NANGLE: The word investigation is the problem, perhaps. We feel as though there can be disputes, there can be differences of opinion within the life of the church. And there always have been. So to call it an investigation is probably a misnomer. What we would rather see is a dialogue between the Vatican - in this case, the bishops - and the religious women of the United States. That would be totally acceptable, but not an investigation, not kind of a top down ultimatum.

Cornish offered no notion that she understood that the Catholic Church is by definition a "top-down" institution that believes that the Pope and his bishops are ordained to be successors of the original twelve apostles. Cornish, like most secular liberal journalists, sees only that the church must surrender to liberals or it will damage its societal image. After all, this is what taxpayers give their money to NPR to support -- to damage the image of any group that tries to resist liberalism:

CORNISH: The LCWR [Leadership Conference of Women Religious] represents some 57,000 nuns - I mean, it's the vast majority of nuns in the U.S. And, in launching this investigation, do you worry that the Vatican could do harm to the church's image here, particularly among women?

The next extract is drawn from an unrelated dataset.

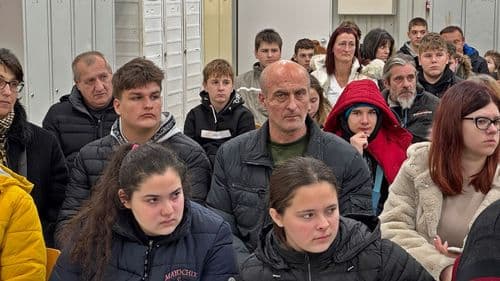 Érdeklődő diákok és szülők a nyílt napon.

NANGLE: Well, yes, there's no doubt about it. The reaction from all sectors of the Catholic Church in the States has been pretty clear, it seems to me, that, again, it's the process. We feel as though our sisters have been put upon to some extent by the Vatican in the way it was done and we feel as though that that manner of doing things should be changed.

Father Nangle concluded “We’re speaking our truth...We're hoping that their attitude will convince the Vatican that they and we are loyal members of this church, but we're not unthinking. We have our truth to speak.”

Does anyone else find it almost humorous that NPR seems to have less tolerance for dissent -- by firing Juan Williams -- than they want the Catholic Church to display?